Atravessando a fronteira de Assam, o cenário imediatamente se transforma de planícies secas e planas em encostas exuberantes. As crianças vagam pelo lado da rua carregando enormes facas ou rifles na mão, e não há animais para serem vistos ou ouvidos. Perguntando ao nosso motorista assamês onde todos os pássaros tinham ido, ele responde secamente em hindi: “Eles comeram todos os animais”.
Parecia que havíamos cruzado para outro país, não mais na índia, havíamos entrado em uma parte do sudeste asiático que eu nunca havia visto antes. Os rostos pareciam muito com os vizinhos birmaneses, e os templos na beira da estrada deram lugar a imensas igrejas batistas que dominam a paisagem. Eu não sei do que eu estava esperando que Nagaland fosse, mas essa atmosfera nervosa com uma presença cristã dominadora certamente não era isso.
Nossa primeira parada foi na cidade de Mokokchung . Este grande e extenso distrito tem casas empoleiradas na encosta e é o lar de mais de 190.000 pessoas. Por recomendação do Kipepeo, ficamos no Whispering Winds, um hotel confortável que custava 1.800 rúpias por noite. Nós esperávamos ver aldeias tribais, mas fomos avisados de que eles são muito raros em Nagaland agora, com apenas alguns remanescentes no extremo norte do país, como Mon. Infelizmente, o tempo não nos permitiu viajar para estes. Embora as distâncias pareçam relativamente curtas em Nagaland (ou seja, apenas 200 quilômetros), Piran, de Kipepeo, havia nos avisado de que as aparências enganavam. Logo descobrimos o que ele queria dizer, com uma jornada relativamente curta de 150 quilômetros levando até seis horas para ser concluída nas estradas rochosas.

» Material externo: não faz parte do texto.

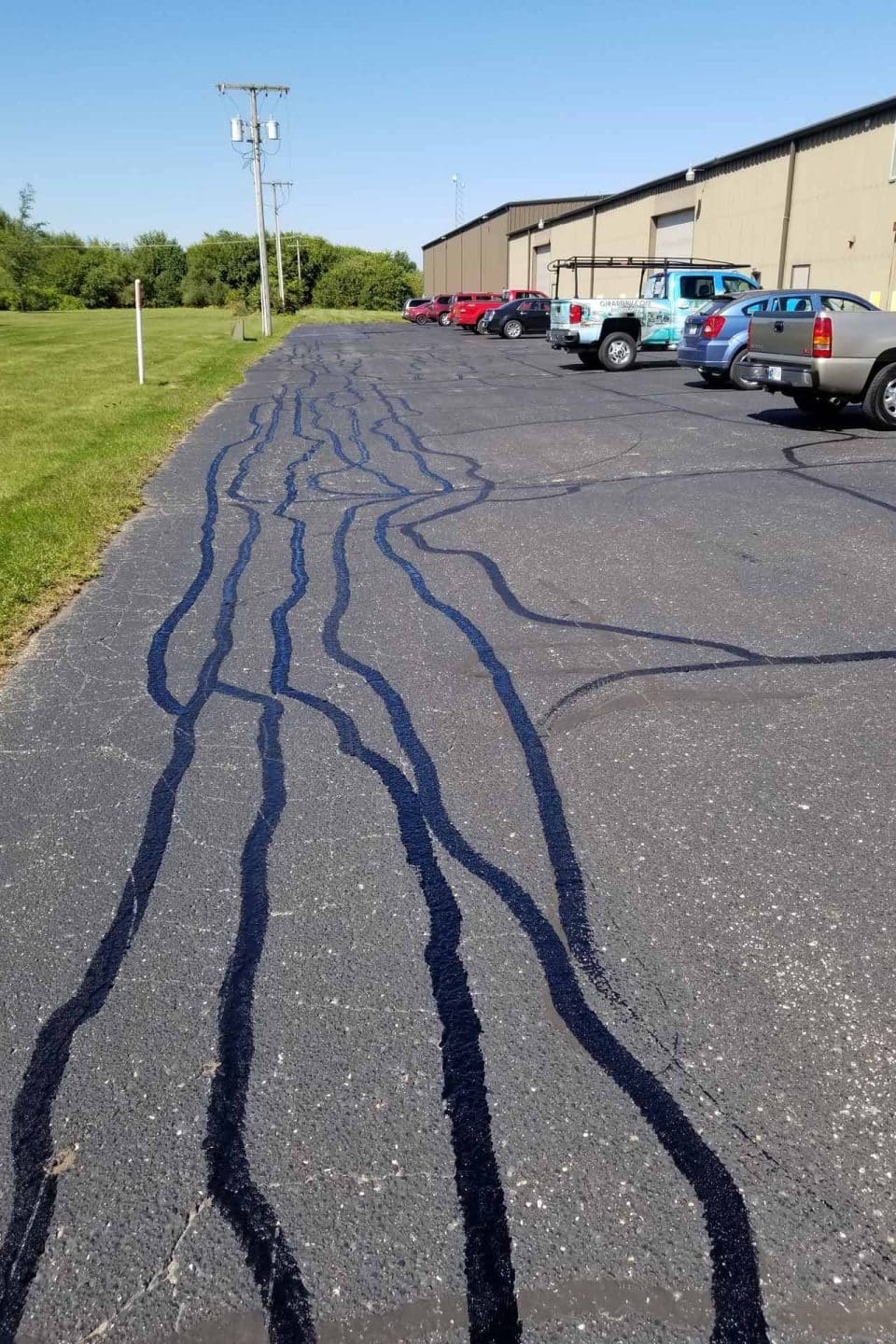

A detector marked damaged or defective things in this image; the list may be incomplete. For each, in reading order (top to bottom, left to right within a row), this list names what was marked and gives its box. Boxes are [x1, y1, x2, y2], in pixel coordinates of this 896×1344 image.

cracked pavement [1, 319, 896, 1338]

Existem muitas aldeias ao redor de Mokokchung que podem ser visitadas. Enquanto muitos estão sendo modernizados, ainda há muito charme local para experimentar. Era o Dia da República quando estávamos lá, então nossa primeira parada foi a celebração local que incluía um mercado onde os aldeões tinham vindo vender seus produtos. Eu peguei alguns picles feitos a partir dos pimentões do rei Naga de fogo e picles de bambu local, não para os fracos de coração.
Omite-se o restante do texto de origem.